FACULTY OF SOCIAL SCIENCES

Anthropology

Vitamin C in Hominin Diet

Professor Emeritus Henry Schwarcz proposes a solution to an old and important problem in hominin (human) evolution: where did our ancestors get vitamin C when they were living in northern Eurasia (for example in the Neander Valley (tal) in Germany)? The answer appears to be: pine needles.

 

Hominins emerging from Africa in the Pleistocene required sources of vitamins in addition to sources of energy and nutrient substance (carbohydrates, proteins, and fats). Most of their vitamin requirements could be provided by eating the flesh of herbivores but vitamin C is in low concentrations in animal muscle tissue. Lack of vitamin C causes the fatal disease of scurvy. In southern Eurasia, hominins would have been able to harvest fruits and vegetables throughout the year but as they migrated further to the north, they would encounter regions in which no plants were growing in mid-winter.
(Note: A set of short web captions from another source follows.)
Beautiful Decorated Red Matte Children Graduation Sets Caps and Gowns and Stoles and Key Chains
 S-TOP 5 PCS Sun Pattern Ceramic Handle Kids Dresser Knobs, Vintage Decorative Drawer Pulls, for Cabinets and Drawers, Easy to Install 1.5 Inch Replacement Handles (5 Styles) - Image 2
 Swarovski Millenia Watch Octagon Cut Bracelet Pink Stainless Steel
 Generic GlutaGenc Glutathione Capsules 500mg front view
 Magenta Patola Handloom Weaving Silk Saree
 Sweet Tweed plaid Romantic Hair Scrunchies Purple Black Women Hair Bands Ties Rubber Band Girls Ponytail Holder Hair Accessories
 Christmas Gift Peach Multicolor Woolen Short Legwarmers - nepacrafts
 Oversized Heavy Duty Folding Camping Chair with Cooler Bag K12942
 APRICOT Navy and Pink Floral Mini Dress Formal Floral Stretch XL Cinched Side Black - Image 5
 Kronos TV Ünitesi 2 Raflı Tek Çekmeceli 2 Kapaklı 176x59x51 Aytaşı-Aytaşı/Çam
Vitamin C is enriched in organ meats but their mass was probably too low for adequate provision. Storage of summer crops of fruit was possible. Hominins could however fulfil ascorbic acid requirements by drinking aqueous extracts from the needles of pines and other conifers which contain adequate amounts of vitamin C to satisfy human needs. Evidence is shown of pine needle and related consumption in Paleolithic sites.”